[ 
https://issues.apache.org/jira/browse/CURATOR-229?page=com.atlassian.jira.plugin.system.issuetabpanels:comment-tabpanel&focusedCommentId=16138245#comment-16138245
 ] 

IonuČ› G. Stan edited comment on CURATOR-229 at 8/23/17 11:37 AM:
-----------------------------------------------------------------

We've bumped into the same issue. Our DNS server was temporarily down and 
Curator stopped retrying to connect because ZooKepper threw a non-retryable 
exception: ({{UnknownHostException}}). In ZooKepper >= 3.4.11 it will throw an 
{{IllegalArgumentException}}. This behaviour has changed as a result of these:

  - https://issues.apache.org/jira/browse/ZOOKEEPER-1576
  - https://issues.apache.org/jira/browse/ZOOKEEPER-2614

What we've ended up doing is to register a custom {{ZookeeperFactory}} with
{{CuratorFrameworkFactory.builder()}}. That factory is responsible for creating 
new {{ZooKeeper}} instances when retrying.
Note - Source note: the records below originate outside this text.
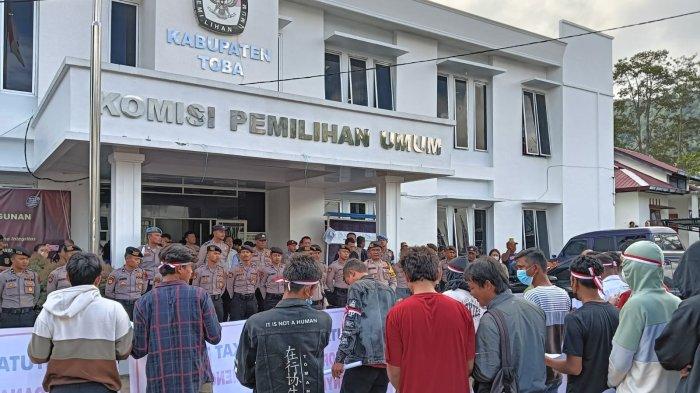 Unjuk Rasa FPMT di Kantor Bawaslu dan KPU, Kapolsek Balige Ajak Masyarakat Jaga Kondusivitas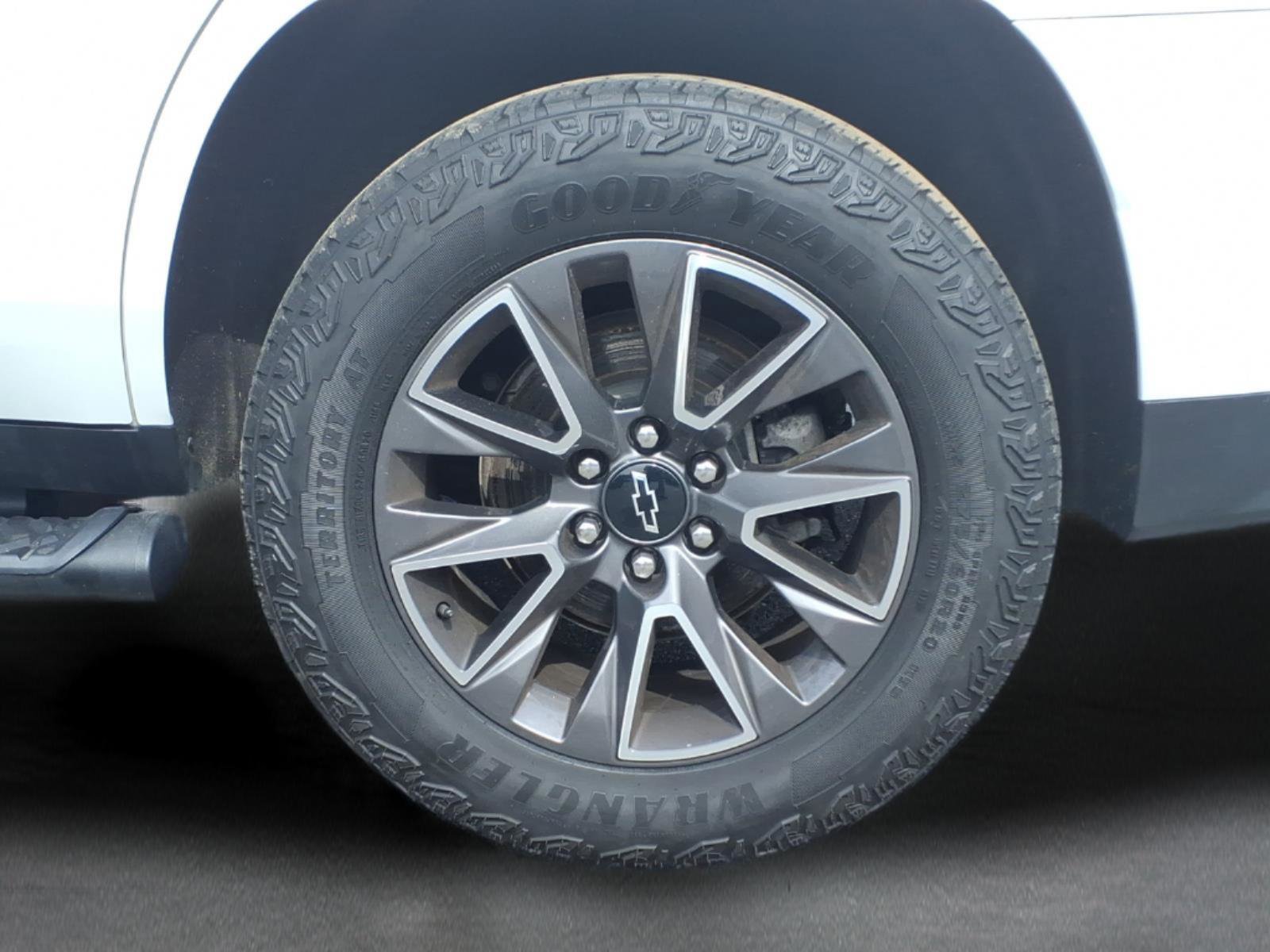 Used 2023 Chevrolet Tahoe Z71 w/ Luxury Package AWD/4WD image 9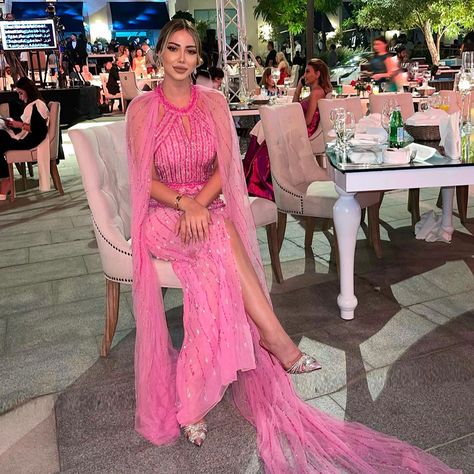 SS361 Luxury Dubai Mermaid Pink Evening Dresses with Cape Sleeves Arabic Women Wedding Guest Formal Party Gowns Dresses With Cape Sleeves, Evening Dresses Short Parties, Pink Evening Dresses, Arabic Women, Wedding Guest Formal, Pink Paradise, Mermaid Pink, Beaded Maxi Dress, Pink Evening Dress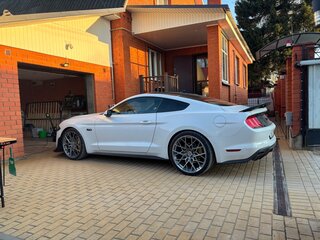 2020 Ford Mustang VI Рестайлинг, белый, 4690000 рублей, вид 1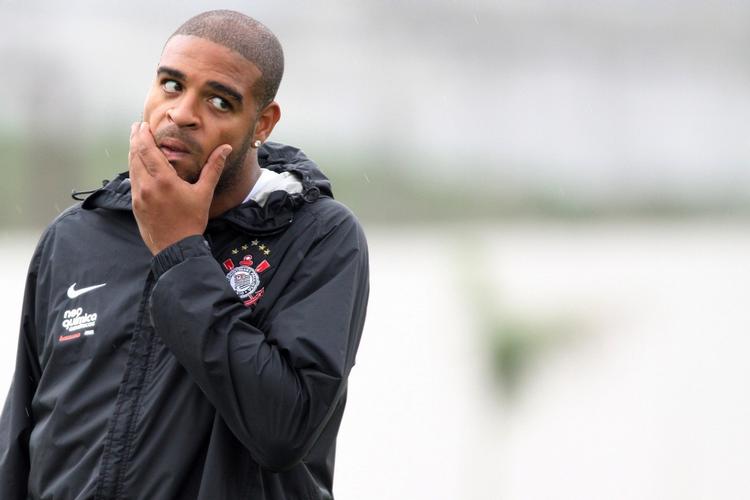 Dumhed. Adriano har en vane med at komme i medierne for episoder, som intet har at gøre med fodbold. Nu er det sket igen. 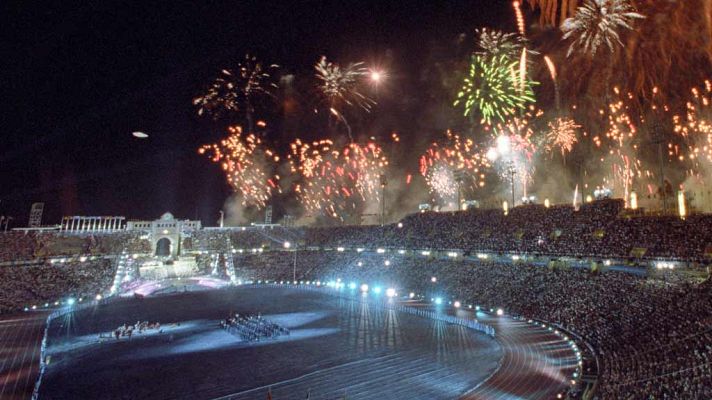 Telediario 1 - "Amigos para siempre", la casi accidentada clausura de Barcelona 92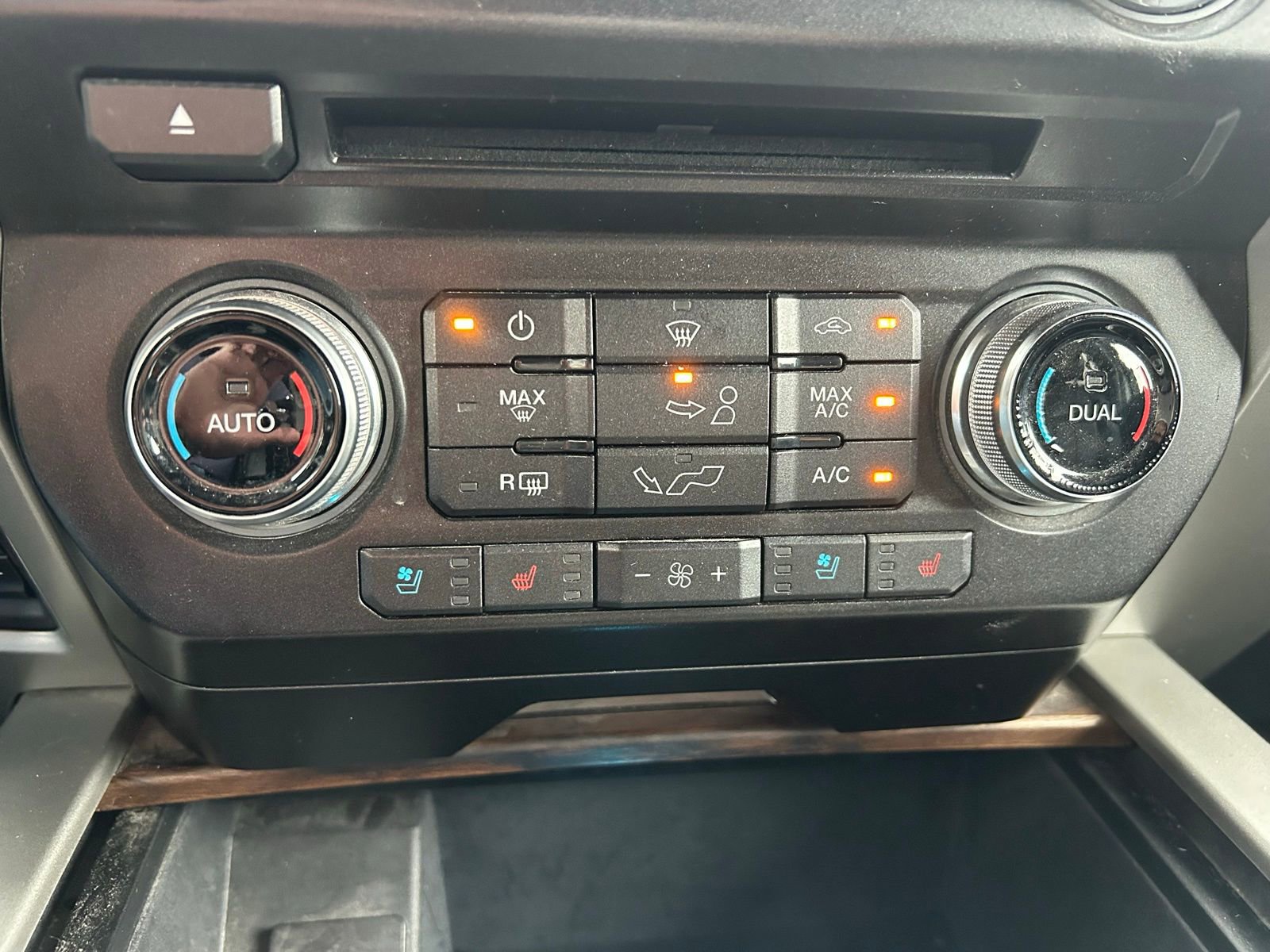 Used 2018 Ford F150 Lariat w/ Equipment Group 502A Luxury AWD/4WD image 19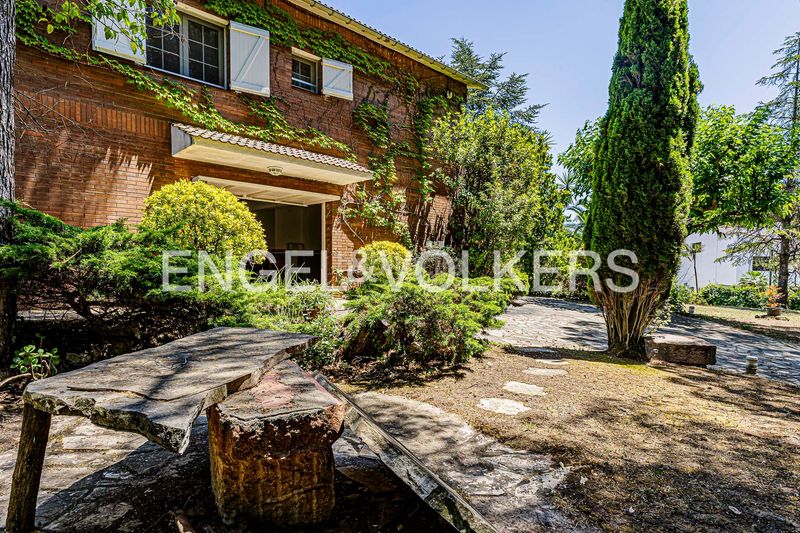 Foto 1c7d8880-dbf5-40e8-9040-b2748d54f52a. Casa tradición, elegancia y calidad en una propiedad singular en Begues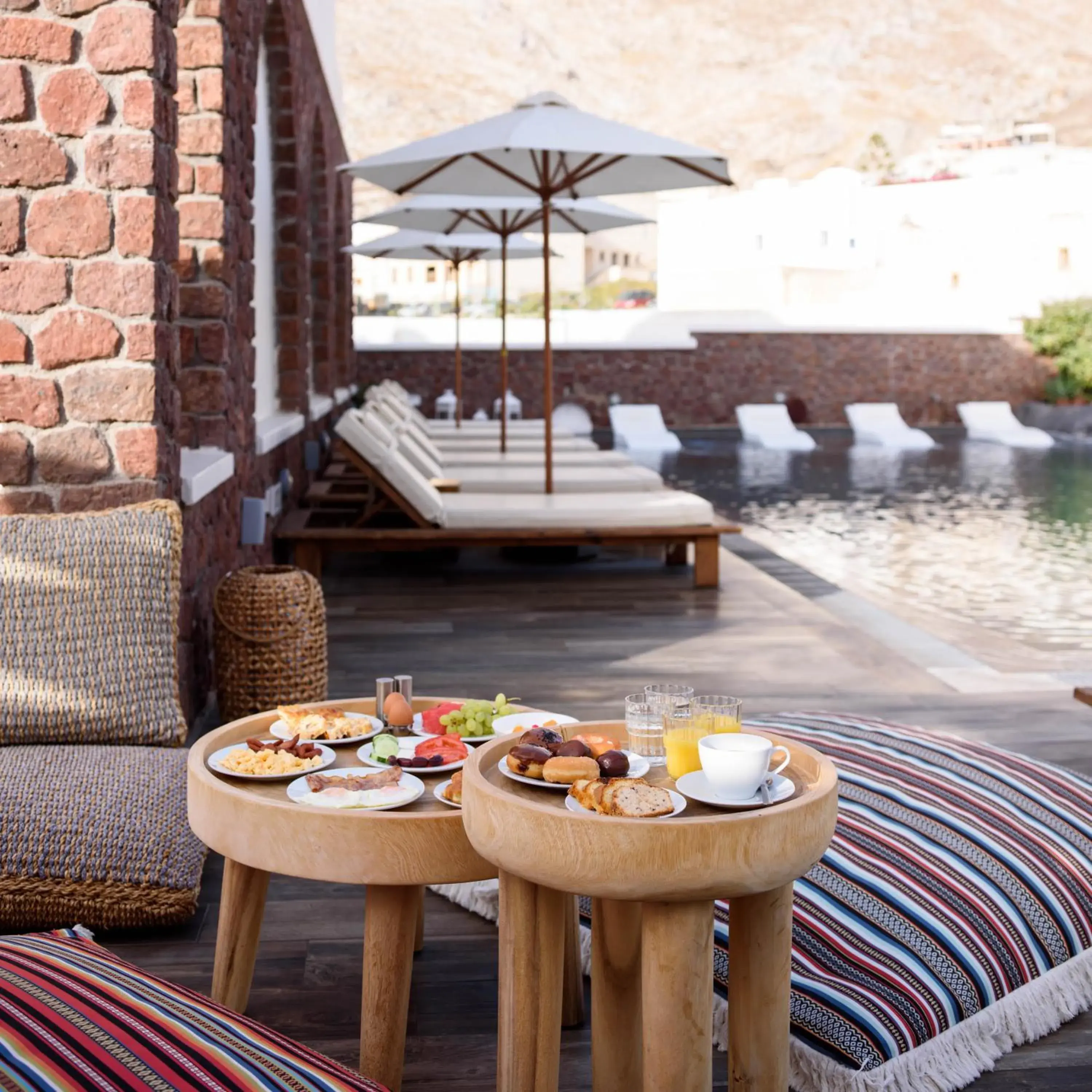 Pool view in Selini Ηotel Pool view in Selini Ηotel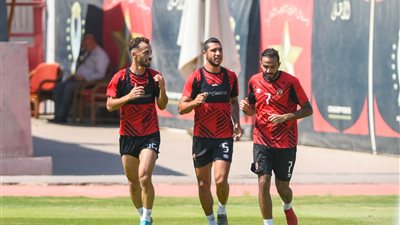 تدريبات بدنية وتقسيمة قوية بين اللاعبين في مران الأهلي الصباحي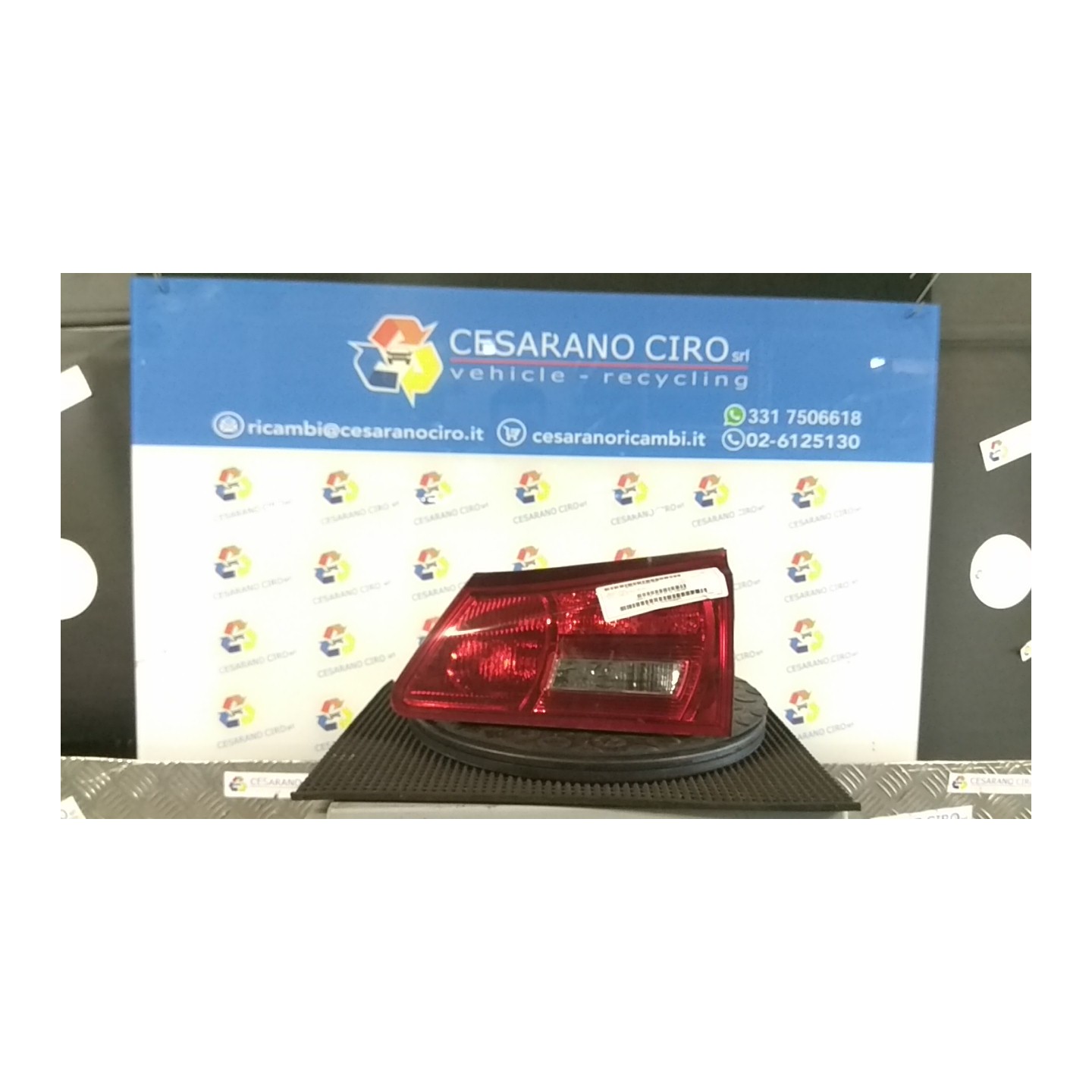 FANALE POST. PARTE INT. DX. 017 LEXUS IS 2A SERIE (01/06-05/12) 2ADFHV 8158153071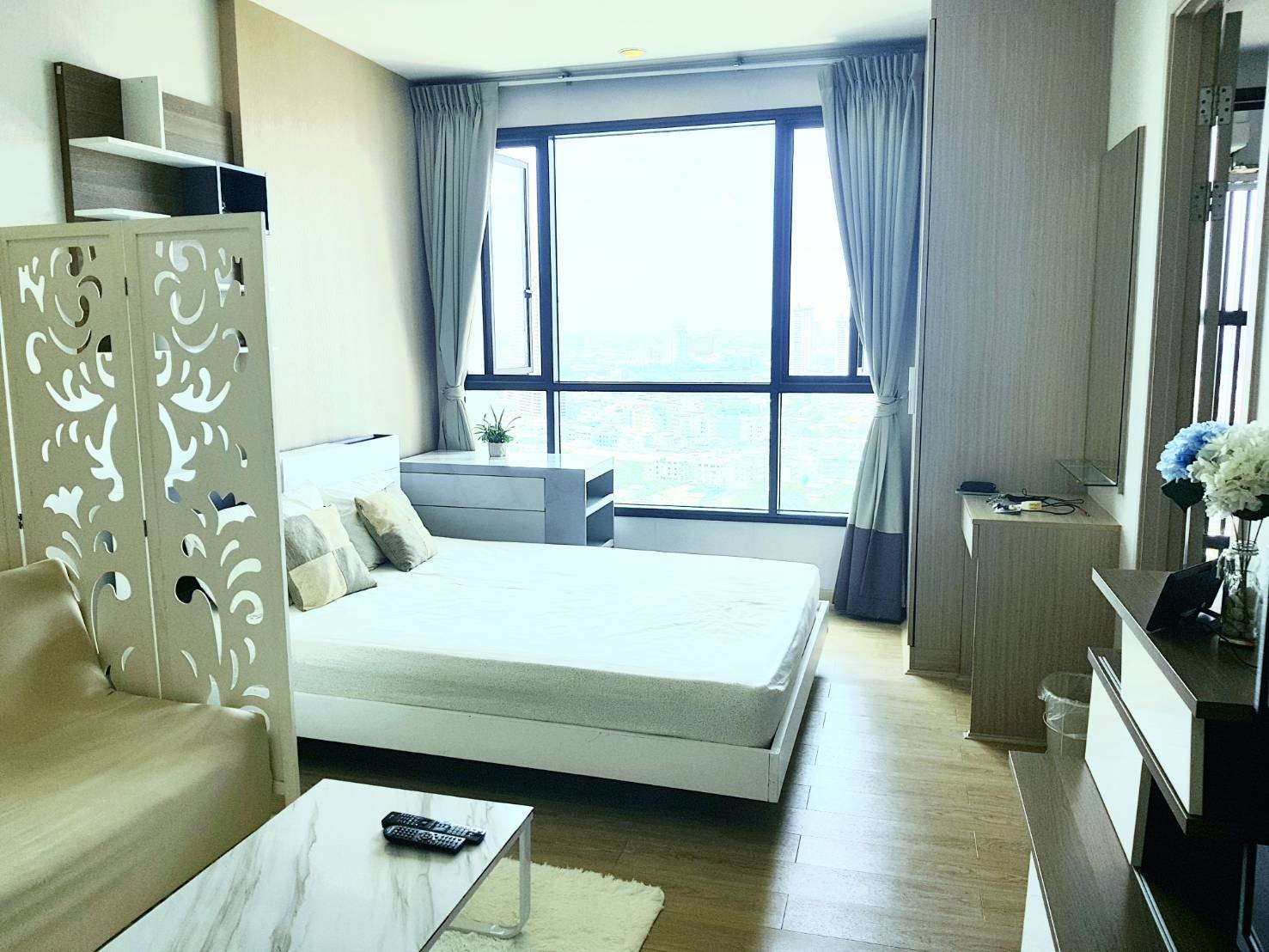 829.ให้เช่า ฟิวส์ สาทร-ตากสิน ใกล้ BTS วงเวียนใหญ่  28ตรม. ชั้น25 , 1ห้องนอน 1 ห้องน้ำ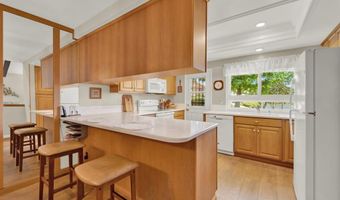 6050 Henderson Dr 16, La Mesa, CA 91942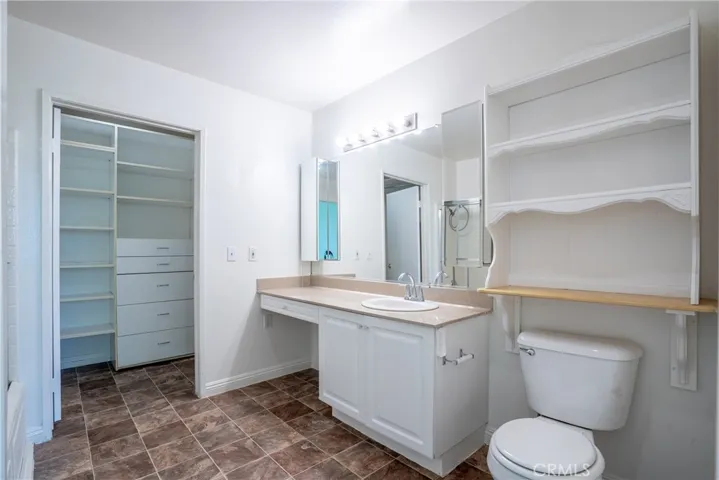 17809 Halsted Street 211, Northridge, California 91325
So we're just catching 
{{UnknownHostException}} and {{IllegalArgumentException}} there and then throw 
a {{ConnectionLossException}}, which is retry-able as far as Curator is 
concerned.

In case anyone's interested, here's the code, in Scala:

{code:title=ZookeeperFactory.scala|borderStyle=solid}
import java.net.UnknownHostException
import com.typesafe.scalalogging.LazyLogging
import org.apache.zookeeper.KeeperException.ConnectionLossException
import org.apache.zookeeper.{Watcher, ZooKeeper}

/** ZooKeeper client factory that's resilient to hostname lookup errors.
  *
  * The purpose of this wrapper is to handle hostname errors encountered
  * while creating ZooKeeper client instances. It works around these issues:
  *
  *   - https://issues.apache.org/jira/browse/ZOOKEEPER-1576
  *   - https://issues.apache.org/jira/browse/ZOOKEEPER-2614
  *   - https://issues.apache.org/jira/browse/CURATOR-229
  *
  * Curator knows how to retry a finite and predefined set of exceptions. What
  * this custom factory does is to map hostname-related exceptions into one
  * that Curator interprets as a retry-able exception. So it will keep trying
  * to establish a connection to ZooKeeper even in the face of such errors.
  *
  * @param servers The list of ZooKeeper hostnames or addresses.
  */
class ZookeeperFactory(servers: Seq[String])
  extends org.apache.curator.utils.ZookeeperFactory
    with LazyLogging {

  override def newZooKeeper(connectString: String, sessionTimeout: Int, 
watcher: Watcher, canBeReadOnly: Boolean): ZooKeeper = {
    def retry(servers: Seq[String]): ZooKeeper = {
      servers match {
        case Nil =>
          // All server hostnames have failed. Tell Curator to retry later.
          throw new ConnectionLossException()
        case remainingServers =>
          val connectString = remainingServers.mkString(",")

          try {

            new ZooKeeper(connectString, sessionTimeout, watcher, canBeReadOnly)

          } catch {
            // Apache ZooKeeper <= 3.4.10 will throw an UnknownHostException at
            // the first hostname which it can't resolve, instead of trying the
            // following hostnames in the list. So, we just drop the offending
            // hostnames from the servers list and try again.
            case e: UnknownHostException =>
              logger.warn(s"ZooKeeper client creation failed for server list: 
$connectString", e)
              retry(remainingServers.drop(1))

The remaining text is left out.